### Data for processing
□ □ □ □ □ □ □

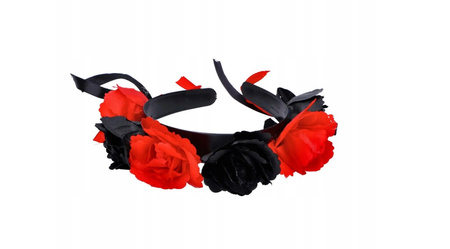 OPASKA LOS MUERTOS CZARNO-CZERWONE RÓŻE 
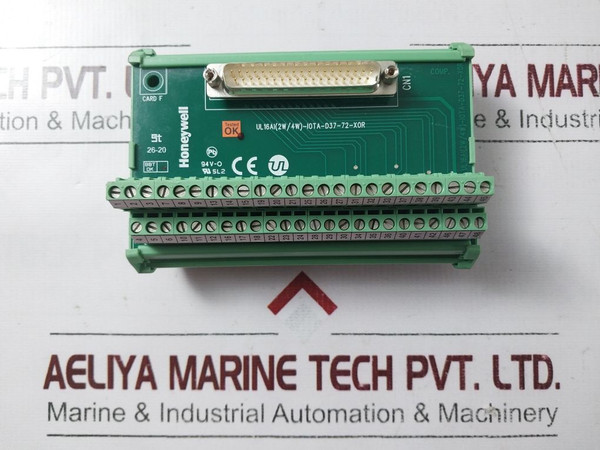 Honeywell Ul16Ai(2W/4W)-iota-d37-72-xor Input Interface Relay Mtp16Ai-mtp-d37-72R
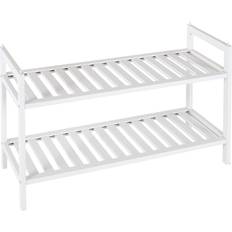 Bamboo Hallway Furniture & Accessories Habitat Home Kitt Bamboo 2 Shoe Rack 70x40.8cm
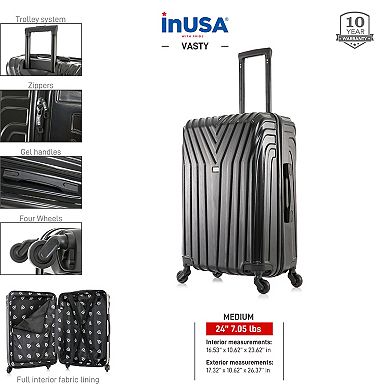 InUSA Vasty Hardside Spinner Luggage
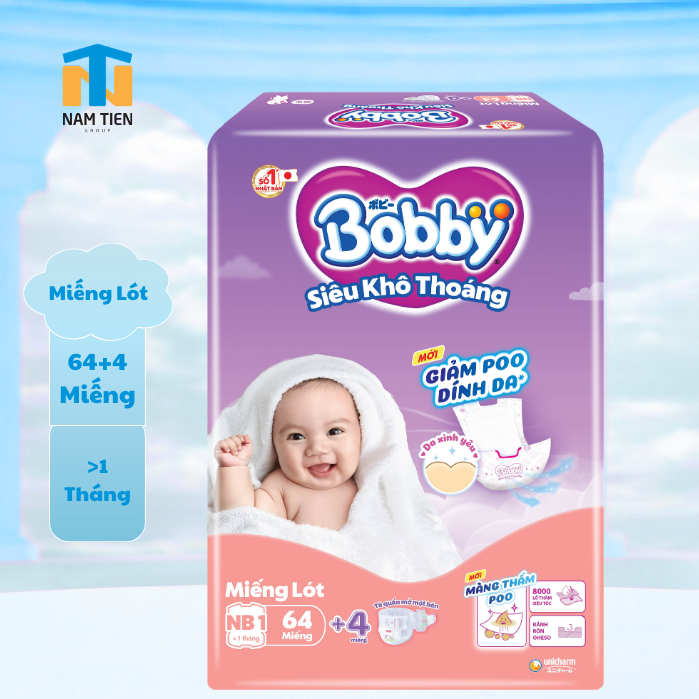 Miếng lót sơ sinh Bobby Newborn 1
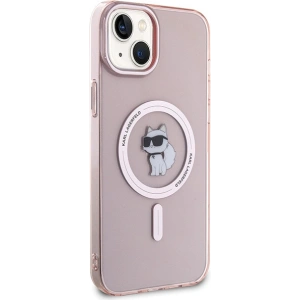 Etui Karl Lagerfeld KLHMP15MHFCCNOP Apple iPhone 15 Plus / 14 Plus hardcase IML Choupette MagSafe różowy/pink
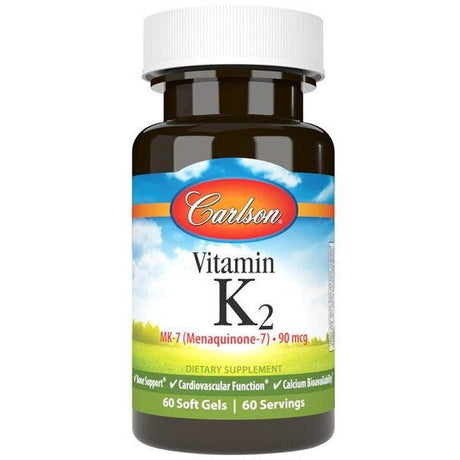Witamina K2 Carlson Labs Vitamin K2 MK-7 90mcg 60 softgels - Sklep Witaminki.pl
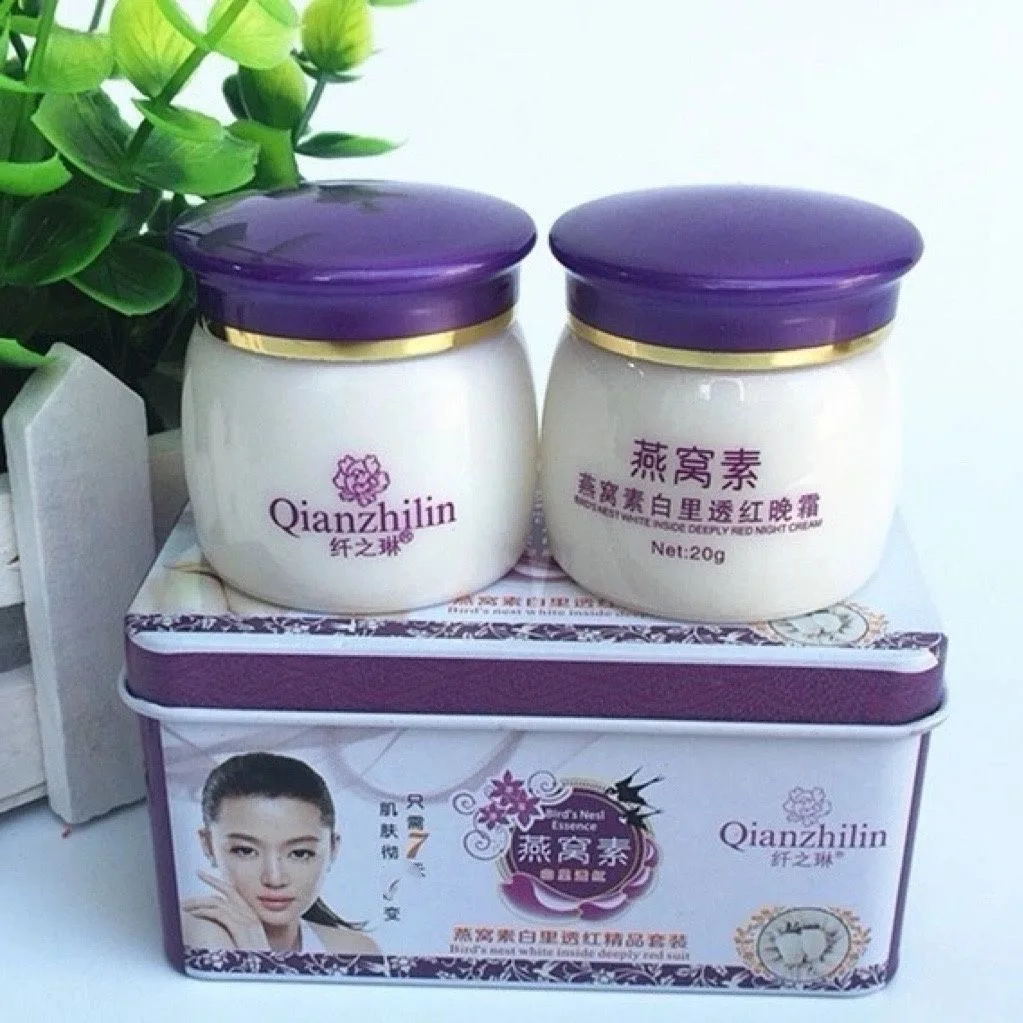 Xianzhilin Bird‘s Nest Day & Night Cream Set – 2-in-1 Brightening & Firming Face Moisturizer Duo for Even Radiant Skin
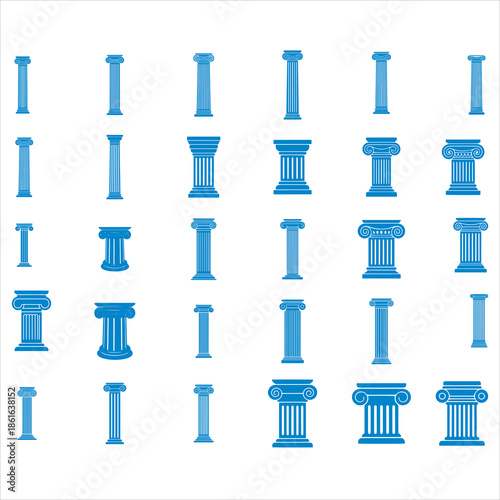 Greek Columns Svg Bundle
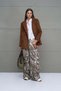 Beige Gabardine Cargo Pants 18090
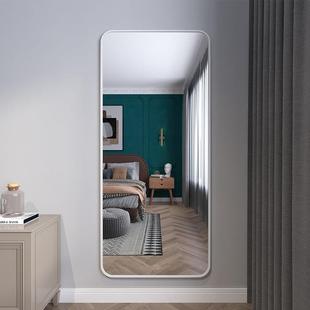 全身镜落地穿衣镜家用贴墙壁挂粘贴挂墙镜子女生卧室免打孔试衣镜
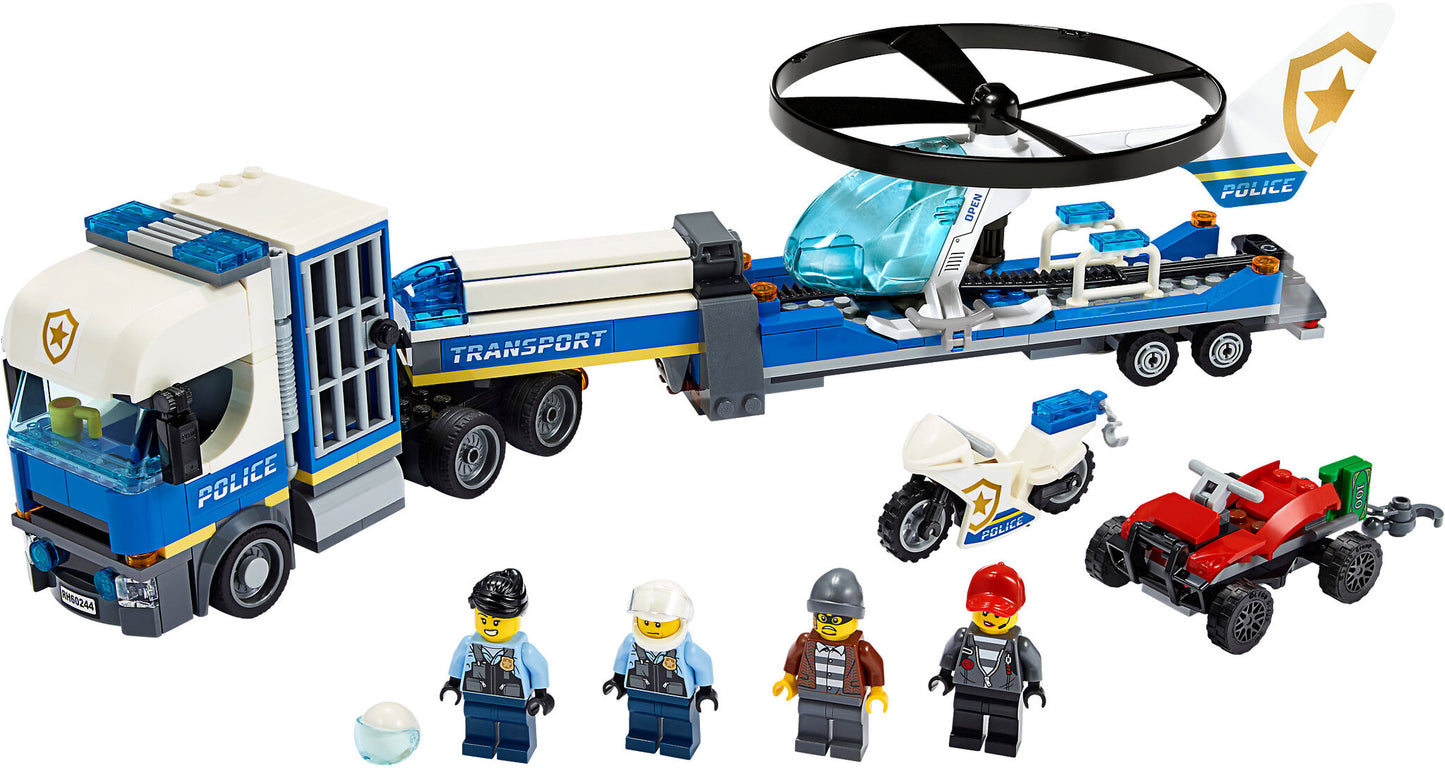 60244 LEGO City - Trasportatore Di Elicotteri Della Polizia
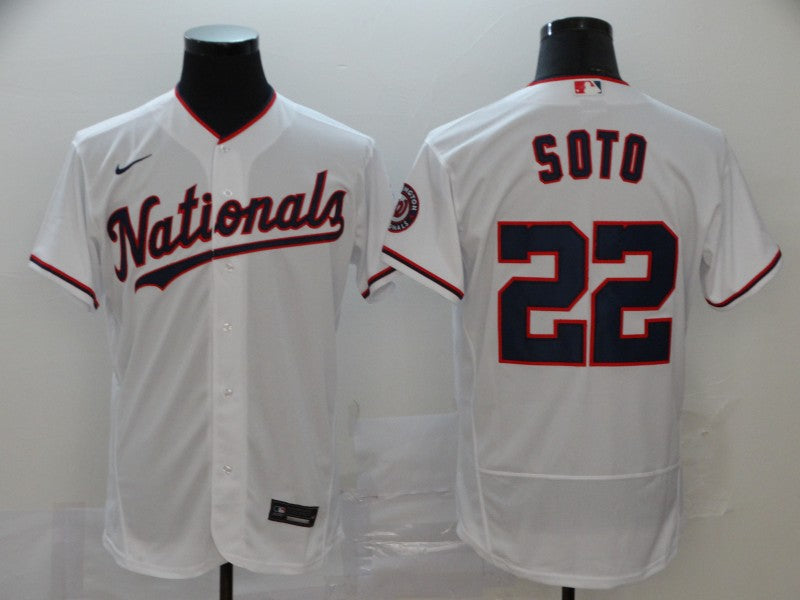 Men's Washington Nationals Juan Soto White Alternate Game Jersey
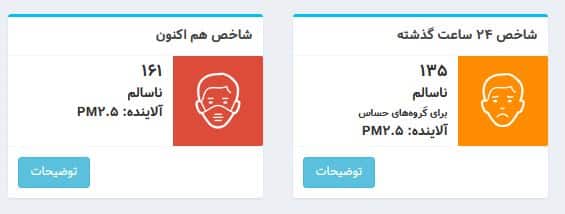 عکس| شاخص آلودگی هوا تهران امروز سه شنبه 4 دی 1403 | دیلی فوتبال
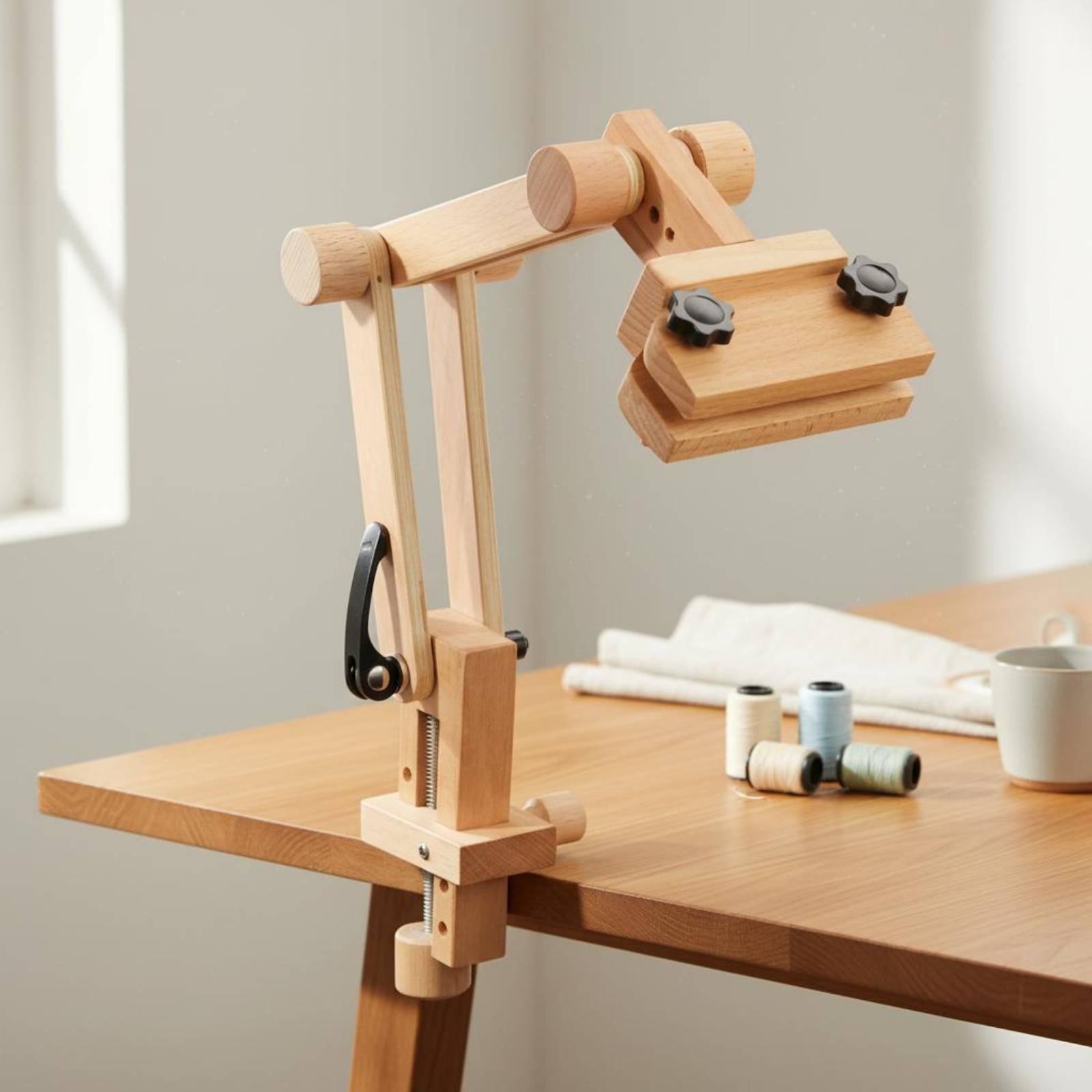 Tafelklem Borduurstandaard Opv - Embroidery Hoop Stand recensie en prijs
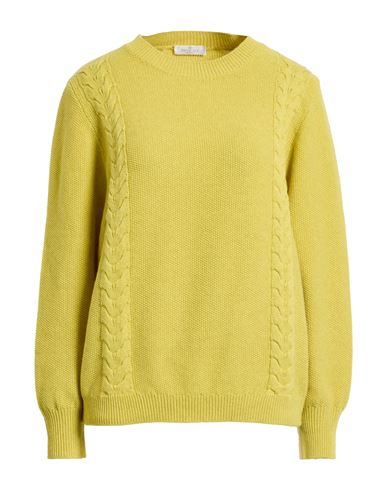 Panicale Woman Sweater Lime Green Size 10 Wool, Silk, Cashmere In Yellow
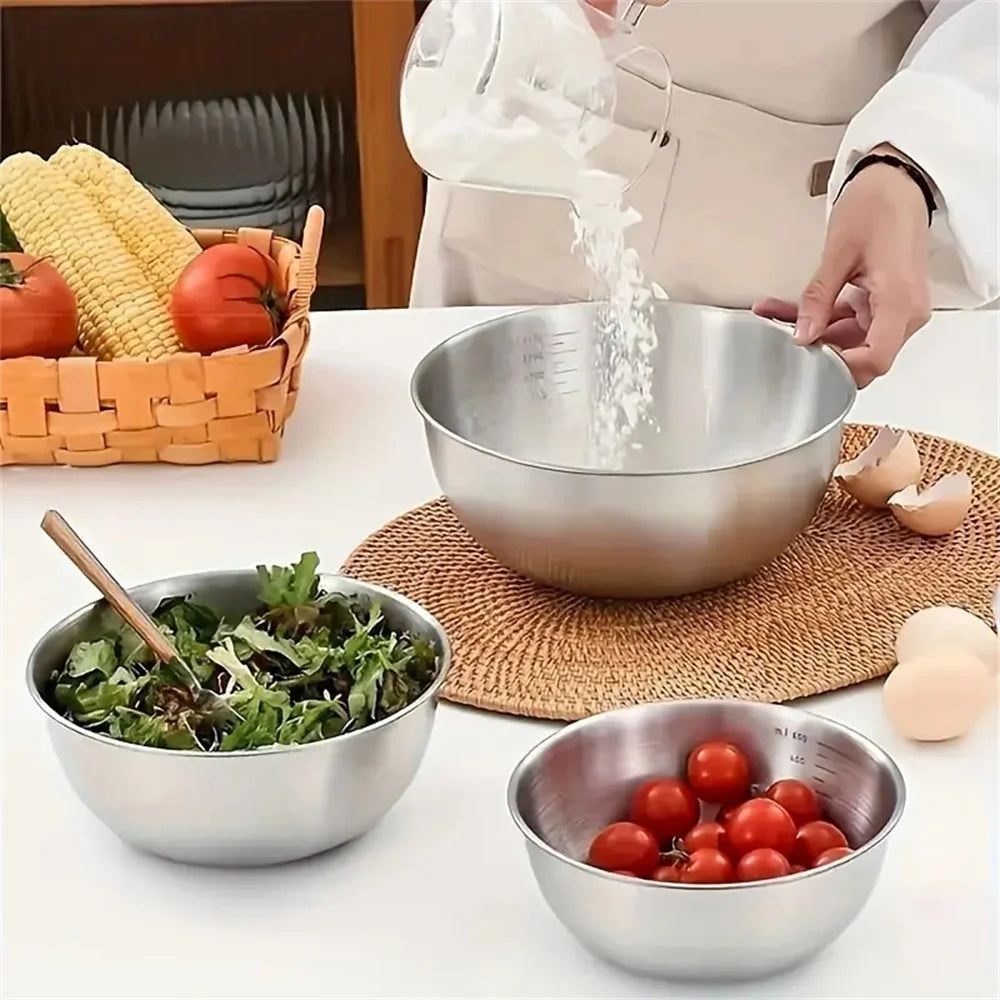 Mix Inox – Kit 3 Tigelas com Medidor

□ □ □ □ □ □ □

### Required action
Restate the records above in full and word for word, but do not carry over any pictures.

### Task response
 OPASKA LOS MUERTOS CZARNO-CZERWONE RÓŻE 
 Honeywell Ul16Ai(2W/4W)-iota-d37-72-xor Input Interface Relay Mtp16Ai-mtp-d37-72R
 Bamboo Hallway Furniture & Accessories Habitat Home Kitt Bamboo 2 Shoe Rack 70x40.8cm
 InUSA Vasty Hardside Spinner Luggage
 Miếng lót sơ sinh Bobby Newborn 1
 Etui Karl Lagerfeld KLHMP15MHFCCNOP Apple iPhone 15 Plus / 14 Plus hardcase IML Choupette MagSafe różowy/pink
Witamina K2 Carlson Labs Vitamin K2 MK-7 90mcg 60 softgels - Sklep Witaminki.pl
 Xianzhilin Bird‘s Nest Day & Night Cream Set – 2-in-1 Brightening & Firming Face Moisturizer Duo for Even Radiant Skin
 Greek Columns Svg Bundle
 Beige Gabardine Cargo Pants 18090
 全身镜落地穿衣镜家用贴墙壁挂粘贴挂墙镜子女生卧室免打孔试衣镜
 60244 LEGO City - Trasportatore Di Elicotteri Della Polizia
 Men's Washington Nationals Juan Soto White Alternate Game Jersey
 عکس| شاخص آلودگی هوا تهران امروز سه شنبه 4 دی 1403 | دیلی فوتبال
 Tafelklem Borduurstandaard Opv - Embroidery Hoop Stand recensie en prijs
 Panicale Woman Sweater Lime Green Size 10 Wool, Silk, Cashmere In Yellow
 Mix Inox – Kit 3 Tigelas com Medidor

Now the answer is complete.